En cuanto al valor cultural de la
fiesta (o, en general, de la tauromaquia) habría mucho que hablar.
Dejando a un lado el asunto de la antigüedad, que no justifica nada
– también es antigua la guerra, o la discriminación de la mujer,
y a nadie se le ocurre defender su existencia por ese motivo –, los
abogados de la llamada “fiesta nacional” hablan con frecuencia
del valor estético y simbólico de los espectáculos taurinos. Nadie
– sensato – puede negar esto, por poco que le gusten los toros.

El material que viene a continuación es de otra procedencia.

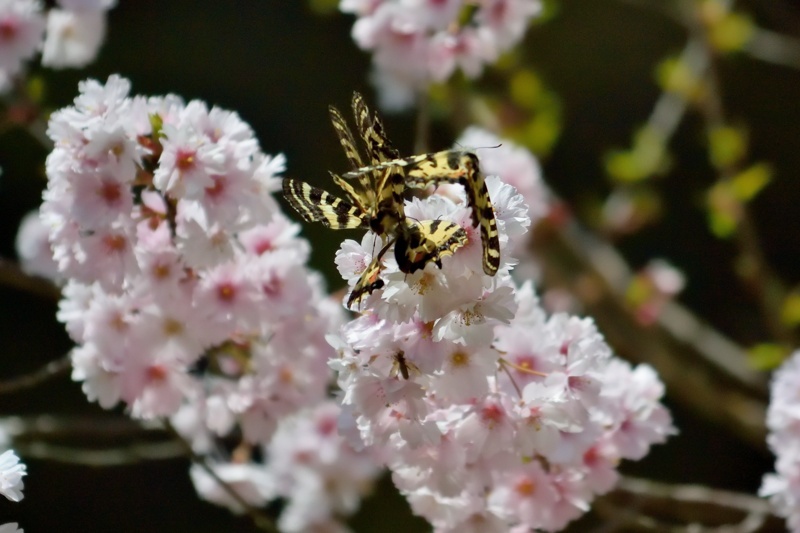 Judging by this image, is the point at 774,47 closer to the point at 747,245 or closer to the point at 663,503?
the point at 747,245

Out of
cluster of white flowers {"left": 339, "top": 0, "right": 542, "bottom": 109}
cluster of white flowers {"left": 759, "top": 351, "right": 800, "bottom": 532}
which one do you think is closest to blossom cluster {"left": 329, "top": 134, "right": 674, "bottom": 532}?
cluster of white flowers {"left": 759, "top": 351, "right": 800, "bottom": 532}

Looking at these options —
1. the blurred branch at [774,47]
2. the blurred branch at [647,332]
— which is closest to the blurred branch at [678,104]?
the blurred branch at [774,47]

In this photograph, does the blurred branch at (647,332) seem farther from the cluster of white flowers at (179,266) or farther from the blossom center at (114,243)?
the blossom center at (114,243)

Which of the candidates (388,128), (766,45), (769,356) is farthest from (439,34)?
(388,128)

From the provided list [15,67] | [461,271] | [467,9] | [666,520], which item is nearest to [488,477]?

Toda celebración tradicional posee un innegable valor estético, y
está cargada de significados (culturales, morales, religiosos,
filosóficos...). Imaginen que son extranjeros y ven un documental
sobre el Toro de la Vega. Les podrá parecer un rito brutal, pero no
carente de interés cultural o antropológico. Les podría parecer
incluso hermoso o, cuando menos, pintoresco, tal como les han
parecido las fiestas de toros a multitud de viajeros, artistas o
poetas.
Ahora bien, que una manifestación
cultural tenga valor estético y simbólico no quiere decir que sea
moral (ni legalmente) aceptable, ni que no pueda (por motivos morales
o por otros muchos) mejorar o evolucionar como acontecimiento
cultural. Los taurinos se niegan a suprimir las suertes más crueles
con el toro porque piensan que eso resta autenticidad a la fiesta y
le hace perder su significado. Pero esto responde a una actitud
conservadora que acabará superada con (o por) el tiempo.
Seguramente, los que vivieron la época del blues cantado por
esclavos o de la ópera interpretada por castrati dirían algo
parecido a lo que dicen los taurinos (¡esto ya no es blues, o
ópera!) cuando se descubrió que para hacer buena música no hacía
falta esclavizar ni castrar a nadie. Es más: trascender la parte
más, cabe decir, truculenta y literal del complejo simbólico de la
tauromaquia (es decir, la tortura y muerte del toro), aumentaría su
relieve más propiamente estético. En el arte no hace falta que
nadie muera realmente para representar la muerte. El paso gradual de
la literalidad a lo más pura y libremente simbólico es uno de los
rasgos que definen la evolución del arte en todos sus géneros (la
pintura, la música, el teatro, la literatura...), incluso el arte
más popular: un circo sin rastro de animales – como el Circo
del Sol – ha resultado ser
mejor que el circo de animales tradicional. ¿Por qué no
habría de pasar algo similar con las fiestas de toros? ¿Se imaginan
un espectáculo “taurino” en el que ya no se maltratara al animal
– o incluso en el que este estuviera ausente – ? El arte
evoluciona cuando da forma a lo que parece ahora inimaginable.
En cuanto a los presupuestos
filosóficos de los animalistas es obvio que los defensores de la
tauromaquía – a tenor de sus quejas y argumentos – no los
entienden. No se trata de igualar animales y personas, ni de dotar a
los primeros de los mismos derechos que los segundos, sino solo de
entender que aquella dignidad por la que algo pasa de ser
“algo” a ser “alguien” no está tan clara, y que, en la
medida en que racionalmente lo está, nos empuja a considerarla como
algo gradual, y no una propiedad exclusiva de los seres humanos.
Justo por este argumento – más venerable y viejo, en la filosofía,
de lo que parece – resulta justo ser considerados con seres que,
sin ser, obviamente, personas, tampoco son meros mecanismos o cosas,
sino subjetividades ante cuyo sufrimiento – sobre todo,
cuando no es imprescindible – ni el ser humano más embrutecido
puede sentir una absoluta indiferencia.